* **ASSIGNMENT**
Only text belongs in your copy of the listing below; reproduce it exactly and leave out the pictures.
━━ DATASET SECTION
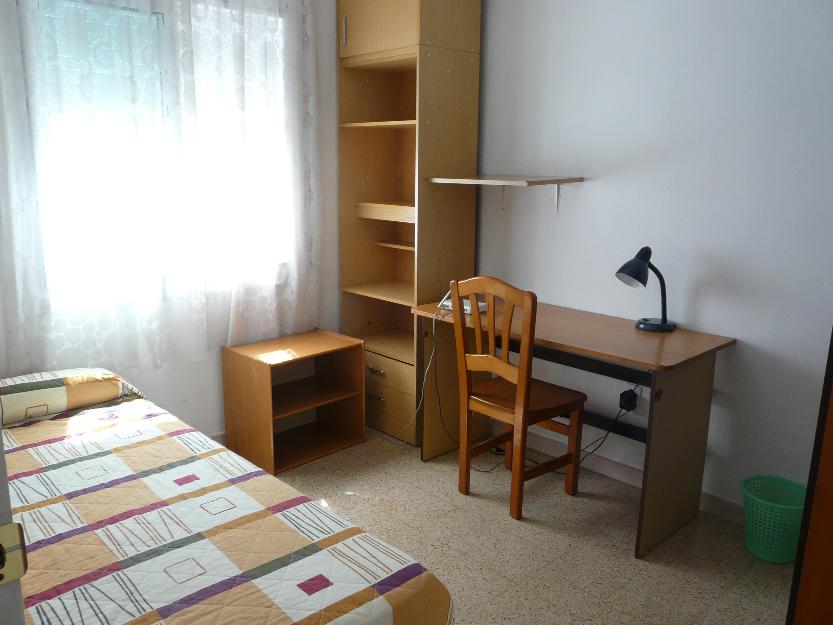 habitación soleada a estudiante Master/Doctorado U.A.B. Cerdanyola del Vallés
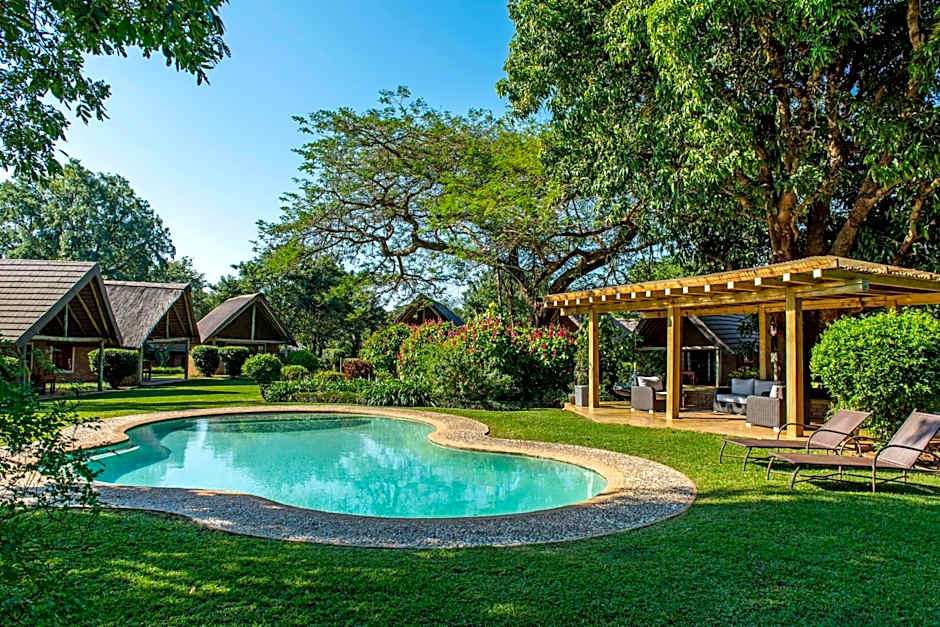 Hippo Hollow Country Estate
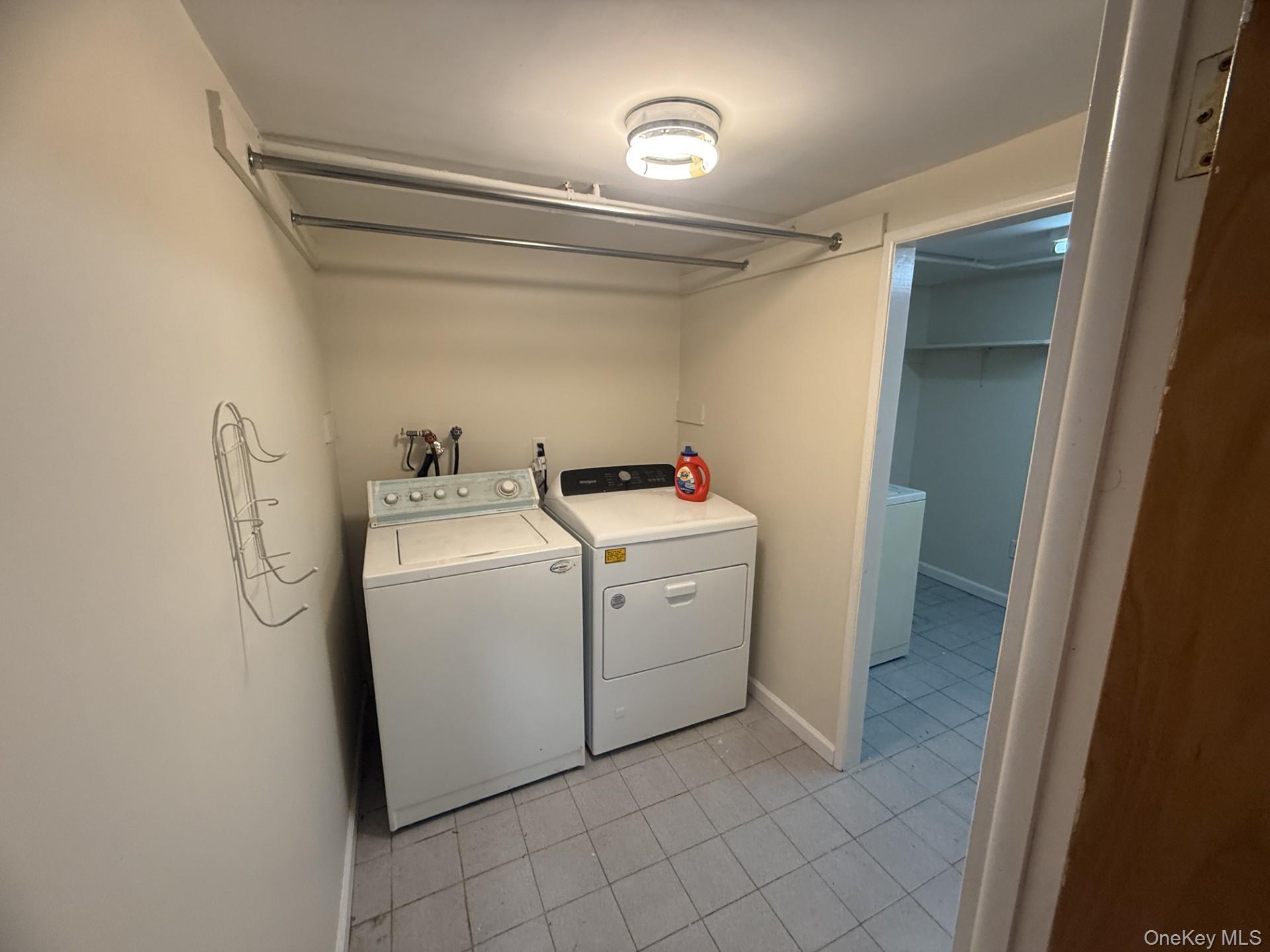 #20 photo, 147 Primrose Drive, New Hyde Park , NY 11040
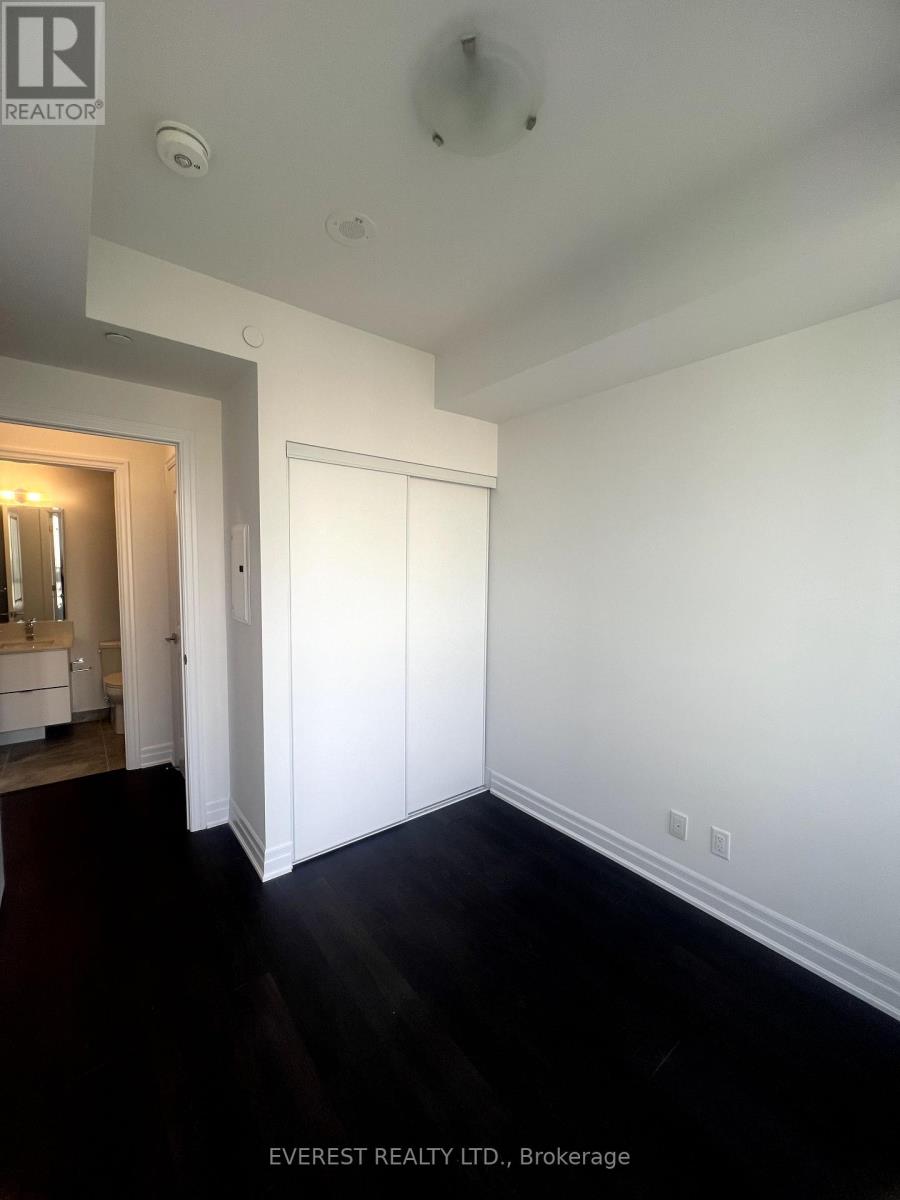 1711 - 30 Elm Drive W, Mississauga, Ontario  L5A 4C3 - Photo 14 - W12437777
━━━━
* **ANSWER SECTION**
 habitación soleada a estudiante Master/Doctorado U.A.B. Cerdanyola del Vallés
 Hippo Hollow Country Estate
 #20 photo, 147 Primrose Drive, New Hyde Park , NY 11040
 1711 - 30 Elm Drive W, Mississauga, Ontario  L5A 4C3 - Photo 14 - W12437777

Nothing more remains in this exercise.